EXERCISE INSTRUCTIONS: Copy each line below in which the string "Foto" occurs.

ENTRIES SUPPLIED:
------------
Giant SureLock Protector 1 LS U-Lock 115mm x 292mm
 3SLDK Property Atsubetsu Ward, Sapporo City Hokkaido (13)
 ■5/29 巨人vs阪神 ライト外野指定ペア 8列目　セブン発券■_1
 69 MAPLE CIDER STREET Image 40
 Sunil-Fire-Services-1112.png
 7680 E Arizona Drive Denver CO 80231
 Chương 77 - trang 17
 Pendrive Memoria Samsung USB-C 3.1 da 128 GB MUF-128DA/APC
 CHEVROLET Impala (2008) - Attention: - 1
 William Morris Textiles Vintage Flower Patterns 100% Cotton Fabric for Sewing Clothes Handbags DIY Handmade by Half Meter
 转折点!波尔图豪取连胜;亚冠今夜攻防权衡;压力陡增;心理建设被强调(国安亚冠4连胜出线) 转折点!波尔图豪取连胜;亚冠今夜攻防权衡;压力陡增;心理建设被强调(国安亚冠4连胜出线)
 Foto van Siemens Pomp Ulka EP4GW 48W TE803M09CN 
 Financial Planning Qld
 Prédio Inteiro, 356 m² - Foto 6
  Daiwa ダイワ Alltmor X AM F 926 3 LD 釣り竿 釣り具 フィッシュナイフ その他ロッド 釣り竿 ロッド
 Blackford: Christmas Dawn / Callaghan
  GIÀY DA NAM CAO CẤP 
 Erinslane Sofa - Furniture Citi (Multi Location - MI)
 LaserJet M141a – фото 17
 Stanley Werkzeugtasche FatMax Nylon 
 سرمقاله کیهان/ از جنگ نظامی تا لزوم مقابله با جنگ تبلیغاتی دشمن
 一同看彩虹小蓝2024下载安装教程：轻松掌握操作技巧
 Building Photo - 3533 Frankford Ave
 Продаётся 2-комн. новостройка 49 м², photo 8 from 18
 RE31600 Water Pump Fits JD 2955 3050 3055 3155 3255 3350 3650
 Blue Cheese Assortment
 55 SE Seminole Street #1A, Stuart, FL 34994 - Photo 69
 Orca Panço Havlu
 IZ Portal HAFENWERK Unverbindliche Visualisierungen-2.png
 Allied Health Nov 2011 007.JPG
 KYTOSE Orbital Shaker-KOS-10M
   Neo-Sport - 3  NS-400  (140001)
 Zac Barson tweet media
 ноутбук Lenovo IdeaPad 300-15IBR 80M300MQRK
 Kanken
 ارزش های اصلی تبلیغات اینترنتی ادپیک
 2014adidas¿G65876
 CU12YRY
------------
REPLY TO THE TASK:
 Foto van Siemens Pomp Ulka EP4GW 48W TE803M09CN 
 Prédio Inteiro, 356 m² - Foto 6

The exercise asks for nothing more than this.